Mit der Einführung von ‚ganztägiger Bildung und Betreuung’ in den einzelnen Bundesländern seit 2003 werden zwei Hauptziele verfolgt und zugleich mehrere Nebeneffekte beabsichtigt. Die Hauptziele sind (siehe BMBF 2003):

  • Verbesserung der Lernleistungen und
  • Erleichterung der Vereinbarkeit von Familie und Beruf.

Man kann die beiden Ziele durchaus als demokratieunterstützend bezeichnen, sofern es konkret z. B. um die Förderung von Bildungsbenachteiligten geht bzw. um die Umsetzung des Gleichheitsgrundsatzes. Allerdings wird hier die Dimension der inhaltlich-methodischen Gestaltung von Demokratiepädagogik in Ganztagsschulen fast nie erwähnt.

Die intendierten Nebeneffekte der Ganztagsschule sind (vgl. Holtappels 2006: 9-12):

  • Verbesserung der sozialen Infrastruktur;
  • Stärkung der Sozialerziehung;
  • Reaktion auf gewandelte Bildungsanforderungen;
  • Entwicklung der Lernkultur und der Förderungsintensität.

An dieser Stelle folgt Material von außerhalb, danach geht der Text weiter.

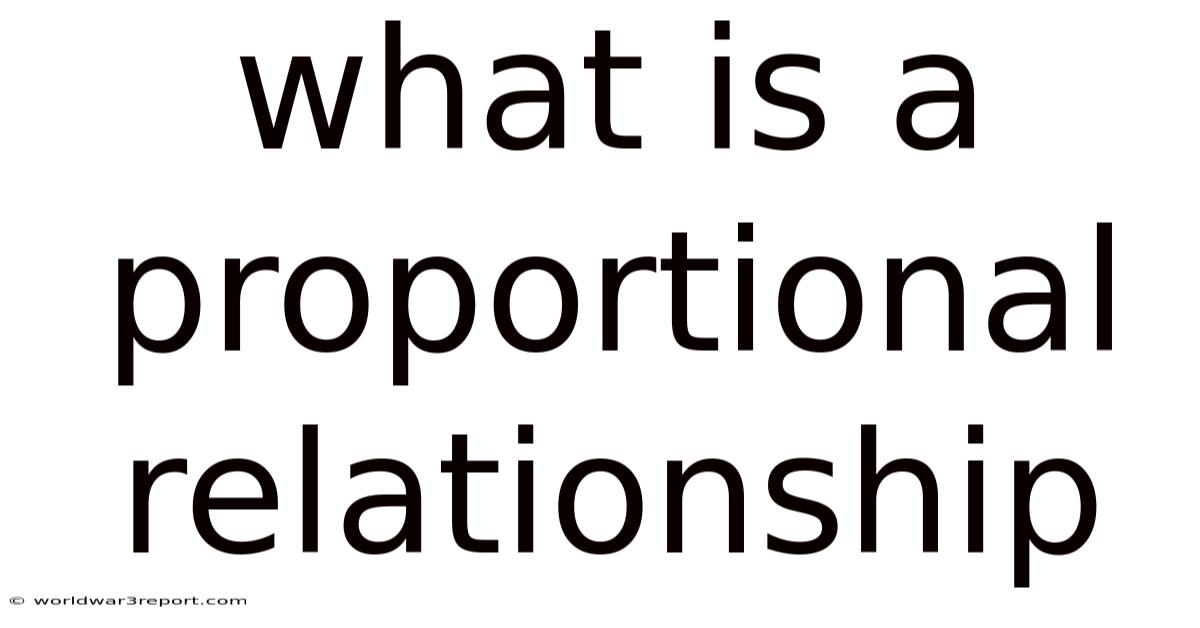 What Is A Proportional Relationship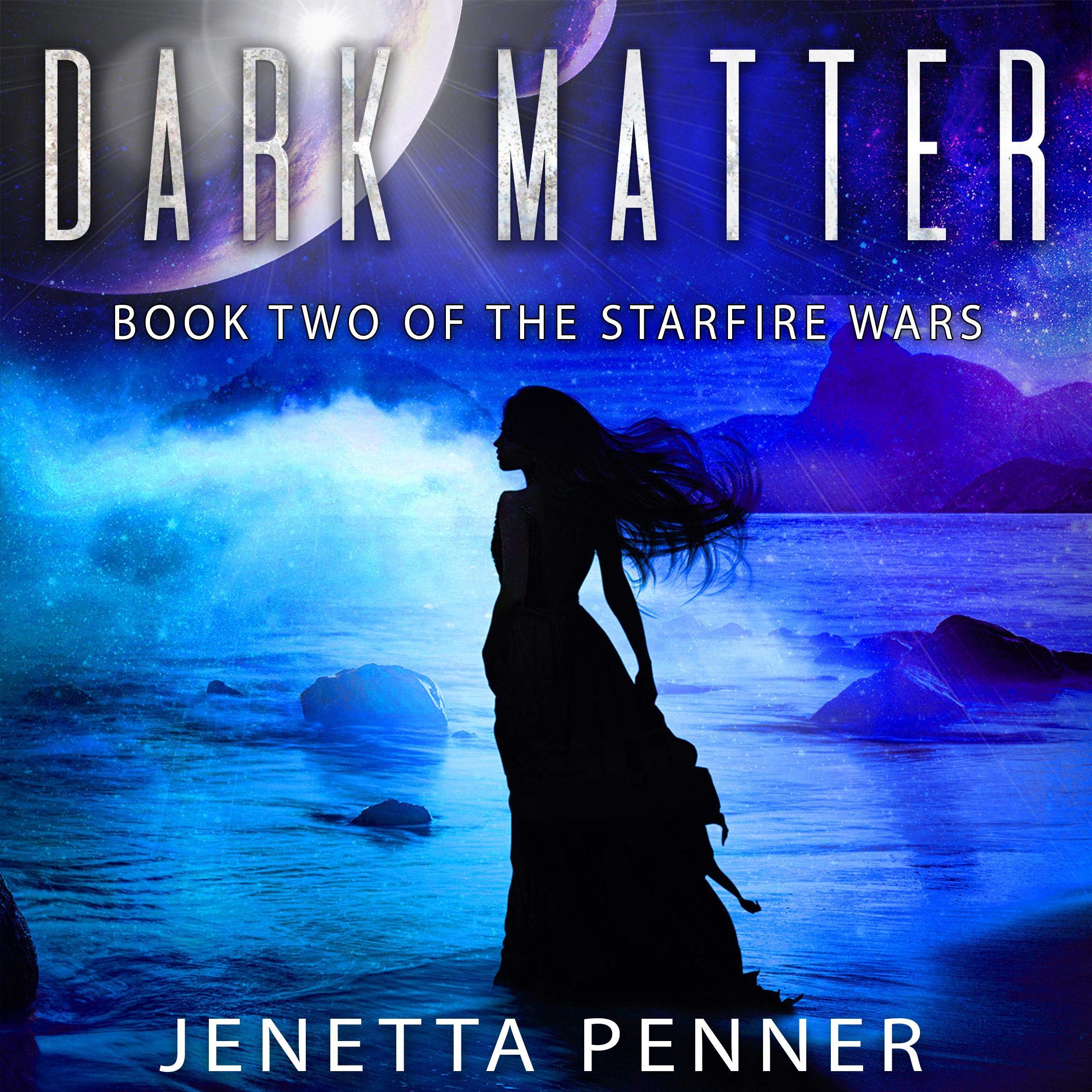 Cover art for Dark Matter: The Starfire Wars, Book 2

Unter dem zweiten Punkt wird u. a. auch der „Erwerb (…) demokratischer Handlungskompetenz“ verstanden (ebd., S. 10). Jedoch verbleiben die allermeisten (Grund-)Schulen – z. B. diejenigen, die am Programm der „Offenen Ganztagsgrundschule“ in NRW teilnehmen –, so wie bisher und addieren sich lediglich ein Mittagessen und eine Nachmittagsbetreuung durch nicht-unterrichtende Pädagog(inn)en und externe Honorarkräfte hinzu (vgl. Arnoldt 2007a und b).  Ein interner ‚Demokratie-Ruck’ ist nur an ganz wenigen Ganztagsschulen zu beobachten. Woran liegt dies, und wie könnte es anders sein?

 

Ganztagsschule oder Ganztagsbildung?

Die ‚Demokratieträgheit’ der Ganztagsschule liegt m. E. – um dies schon einmal vorwegzunehmen – an den systematischen Demokratiedefiziten der Schule generell. Und diese lassen sich nicht durch eine Ausweitung auf den ‚ganzen’ Tag überwinden – allenfalls möglicherweise durch ein alternatives Konzept, z. B. das der „Ganztagsbildung“ (Coelen 2006).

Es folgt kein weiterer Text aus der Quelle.